*Aim of the exercise*
Word for word, repeat the entries, minus the pictures.

*Data records*
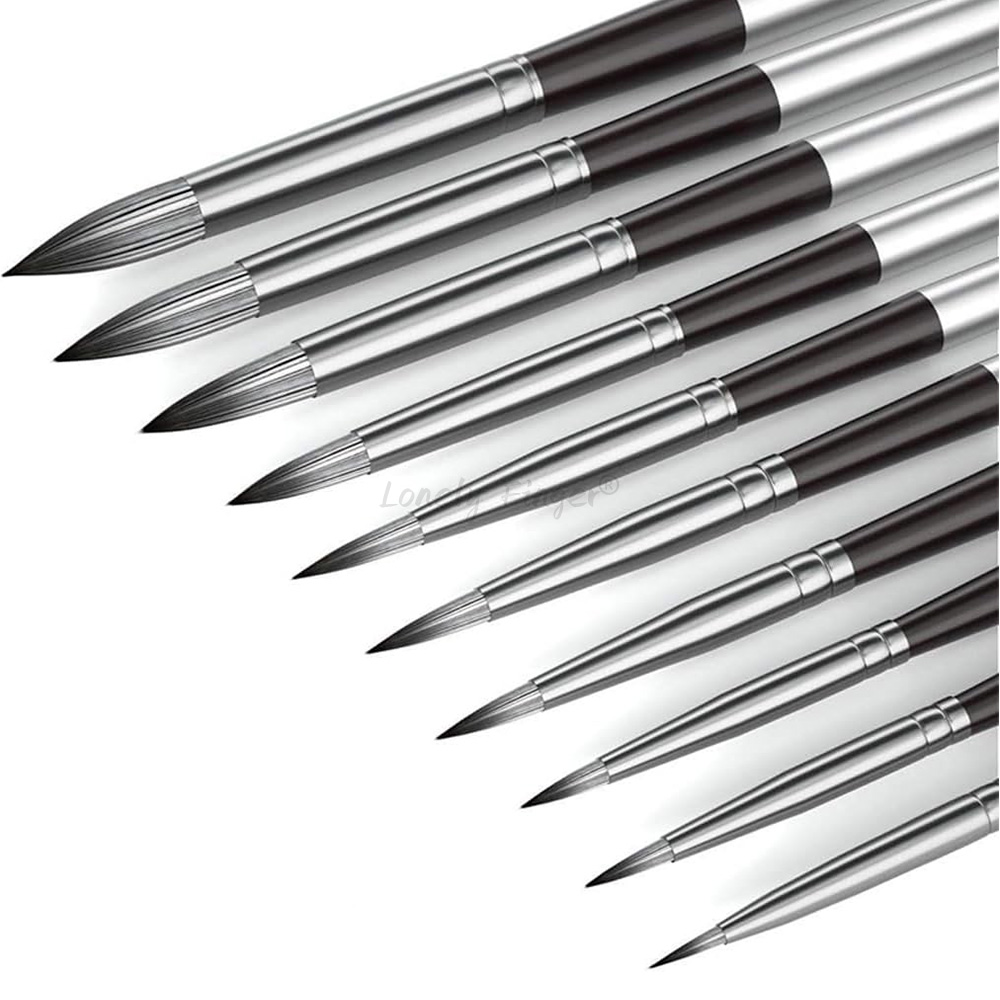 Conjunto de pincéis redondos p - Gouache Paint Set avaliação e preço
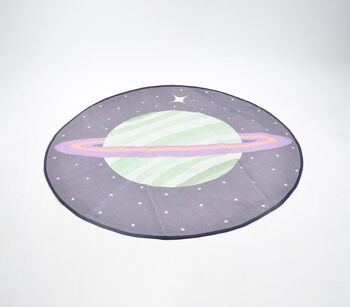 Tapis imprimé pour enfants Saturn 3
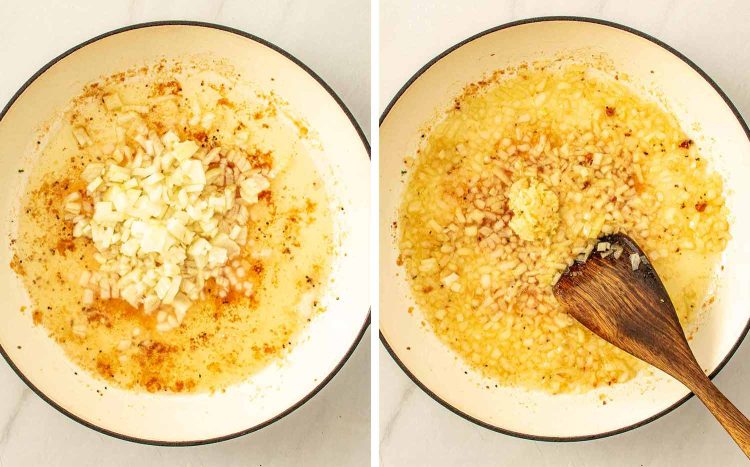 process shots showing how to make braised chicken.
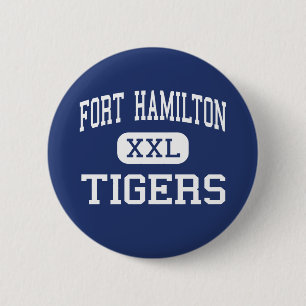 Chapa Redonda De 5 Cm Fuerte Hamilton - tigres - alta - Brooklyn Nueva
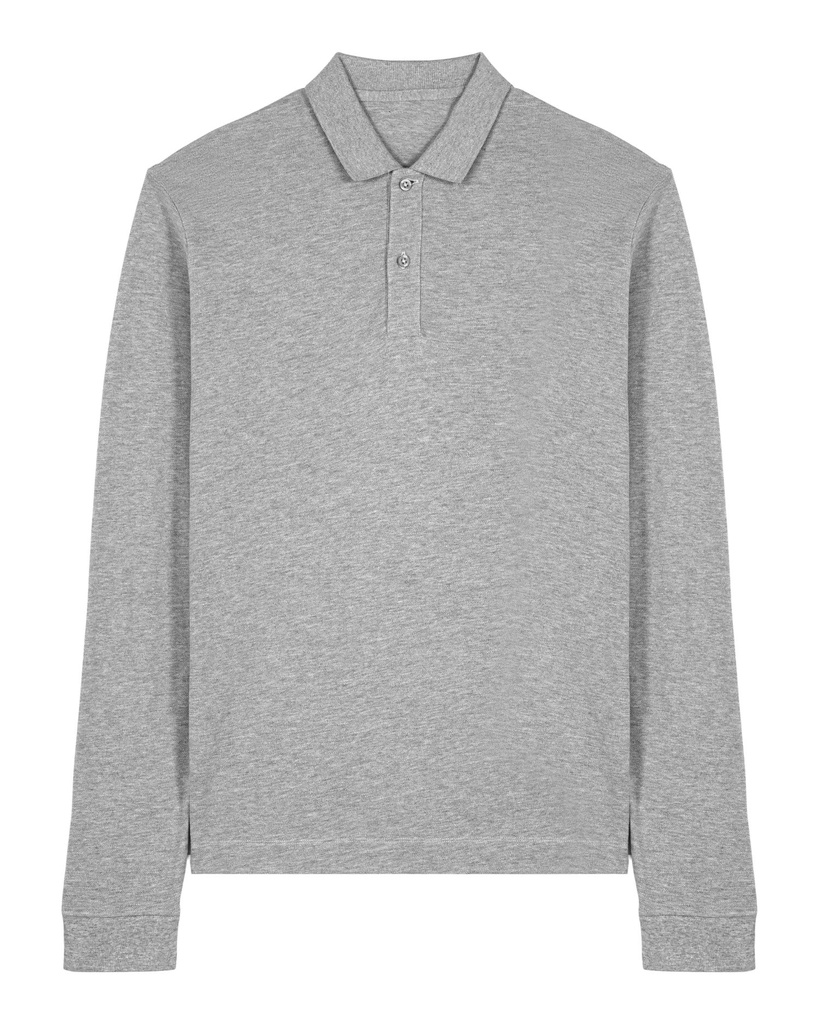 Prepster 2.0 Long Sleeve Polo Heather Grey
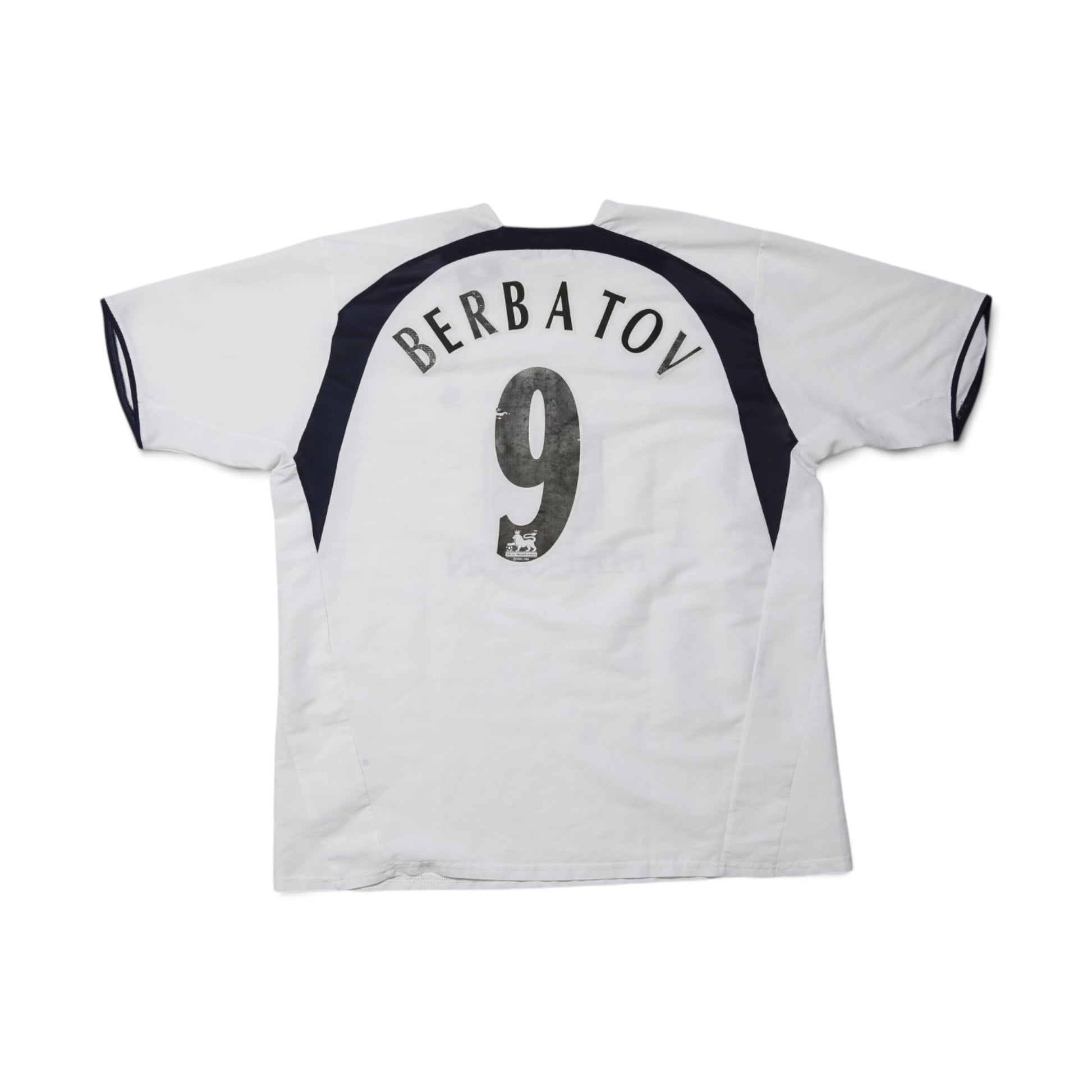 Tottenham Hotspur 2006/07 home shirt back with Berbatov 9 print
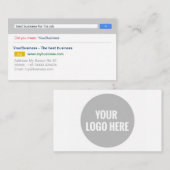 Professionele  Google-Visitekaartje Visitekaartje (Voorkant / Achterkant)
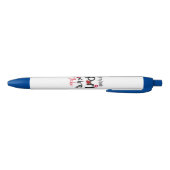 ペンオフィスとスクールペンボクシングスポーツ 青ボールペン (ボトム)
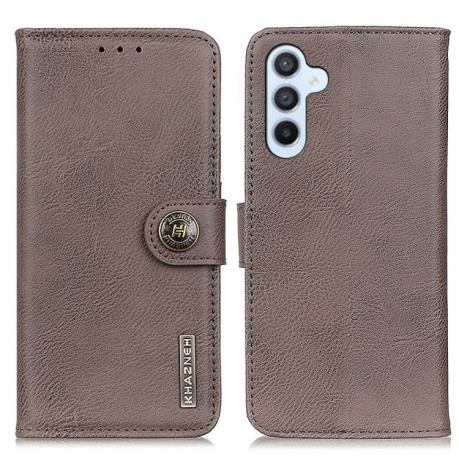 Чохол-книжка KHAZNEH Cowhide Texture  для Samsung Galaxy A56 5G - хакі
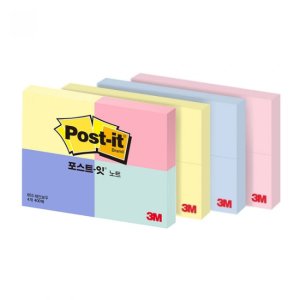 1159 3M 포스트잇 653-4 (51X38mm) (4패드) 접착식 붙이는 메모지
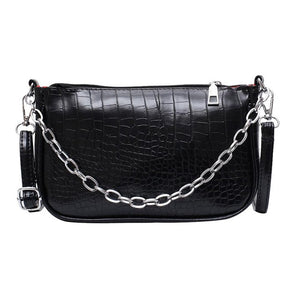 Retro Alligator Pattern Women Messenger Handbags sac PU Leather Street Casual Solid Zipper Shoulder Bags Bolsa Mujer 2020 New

*Reply to the exercise*
 Conjunto de pincéis redondos p - Gouache Paint Set avaliação e preço
 Tapis imprimé pour enfants Saturn 3
 process shots showing how to make braised chicken.
 Chapa Redonda De 5 Cm Fuerte Hamilton - tigres - alta - Brooklyn Nueva
 Prepster 2.0 Long Sleeve Polo Heather Grey
 Tottenham Hotspur 2006/07 home shirt back with Berbatov 9 print
 Professionele  Google-Visitekaartje Visitekaartje (Voorkant / Achterkant)
 ペンオフィスとスクールペンボクシングスポーツ 青ボールペン (ボトム)
 Чохол-книжка KHAZNEH Cowhide Texture  для Samsung Galaxy A56 5G - хакі
 1159 3M 포스트잇 653-4 (51X38mm) (4패드) 접착식 붙이는 메모지
 Retro Alligator Pattern Women Messenger Handbags sac PU Leather Street Casual Solid Zipper Shoulder Bags Bolsa Mujer 2020 New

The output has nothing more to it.